\(\displaystyle \sqrt{x}\left(\frac{dy}{dx}\right) \:= \:\sqrt{1\,-\,y^2}\)
I was able to get this far: \(\displaystyle \L\, \frac{2\sqrt{x}}{dx} \:= \:\frac{\sqrt{1\,-\,y^2}}{dy}\;\;\) ??
It should beSeparate the variables (y to the left and x to the right) and then integrate.
\(\displaystyle 2\sqrt{x}\dfrac{dy}{dx} = \sqrt{(1 - y^2)}\)
Rewritten using 1/2 power.
\(\displaystyle 2(x)^{1/2}\dfrac{dy}{dx} = (1 - y^{2})^{1/2}\)
\(\displaystyle (dx) 2(x)^{1/2}\dfrac{dy}{dx} = (1 - y^{2})^{1/2}(dx)\)
\(\displaystyle 2(x)^{1/2} dy= (1 - y^{2})^{1/2}dx\)
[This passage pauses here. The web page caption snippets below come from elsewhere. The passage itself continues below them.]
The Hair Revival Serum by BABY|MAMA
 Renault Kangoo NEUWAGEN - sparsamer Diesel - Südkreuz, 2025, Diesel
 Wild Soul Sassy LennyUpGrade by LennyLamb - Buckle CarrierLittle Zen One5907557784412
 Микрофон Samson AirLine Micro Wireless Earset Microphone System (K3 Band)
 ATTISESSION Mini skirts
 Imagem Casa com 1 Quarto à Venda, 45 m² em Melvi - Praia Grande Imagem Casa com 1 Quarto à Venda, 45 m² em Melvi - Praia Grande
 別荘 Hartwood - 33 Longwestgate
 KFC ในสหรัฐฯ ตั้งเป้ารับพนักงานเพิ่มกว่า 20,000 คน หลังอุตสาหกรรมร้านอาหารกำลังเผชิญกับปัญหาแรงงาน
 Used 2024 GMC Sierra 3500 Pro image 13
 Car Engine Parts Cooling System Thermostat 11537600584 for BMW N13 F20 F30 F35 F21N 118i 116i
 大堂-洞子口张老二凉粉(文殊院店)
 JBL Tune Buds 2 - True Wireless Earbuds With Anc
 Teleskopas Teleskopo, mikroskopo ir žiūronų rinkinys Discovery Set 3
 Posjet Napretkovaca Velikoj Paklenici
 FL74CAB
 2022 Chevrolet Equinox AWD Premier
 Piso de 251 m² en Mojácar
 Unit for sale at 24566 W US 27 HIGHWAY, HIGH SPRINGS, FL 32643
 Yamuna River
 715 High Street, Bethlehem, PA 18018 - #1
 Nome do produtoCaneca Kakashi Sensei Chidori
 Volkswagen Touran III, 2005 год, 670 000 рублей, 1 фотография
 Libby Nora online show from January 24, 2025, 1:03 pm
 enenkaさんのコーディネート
\(\displaystyle (\dfrac{1}{x^{1/2}})2(x)^{1/2}dy= (1 - y^{2})^{1/2}(\dfrac{1}{x^{1/2}})dx\)
\(\displaystyle 2 dy= (1 - y^{2})^{1/2}(\dfrac{1}{x^{1/2}})dx\)
\(\displaystyle (\dfrac{1}{2})2dy= (1 - y^{2})^{1/2}(\dfrac{1}{x^{1/2}})(\dfrac{1}{2})dx\)
\(\displaystyle dy= (1 - y^{2})^{1/2}(\dfrac{1}{x^{1/2}})(\dfrac{1}{2})dx\)
\(\displaystyle dy= (1^{1/2} - y)(\dfrac{1}{x^{1/2}})(\dfrac{1}{2})dx\)
\(\displaystyle (\dfrac{1}{ (1^{1/2} - y)})dy= (1^{1/2} - y)(\dfrac{1}{x^{1/2}})(\dfrac{1}{2})(\dfrac{1}{ (1^{1/2} - y)})dx\)
\(\displaystyle (\dfrac{1}{ (1^{1/2} - y)})dy =(\dfrac{1}{x^{1/2}})(\dfrac{1}{2})dx\) ................. Incorrect
What now?
It should be
\(\displaystyle \dfrac{dy}{\sqrt{1-y^2}} \ = \ \dfrac{dx}{2\sqrt{x}}\)
Final solution:
y = sin(√x + c)
.
So was my method "a more difficult way" or a wrong way?
I cannot tell whether your method was wrong or not - because you had not finished it.
If you had continued on, without making further mistakes, you would have gotten an incorrect answer - because your intermediate "algebra" was incorrect.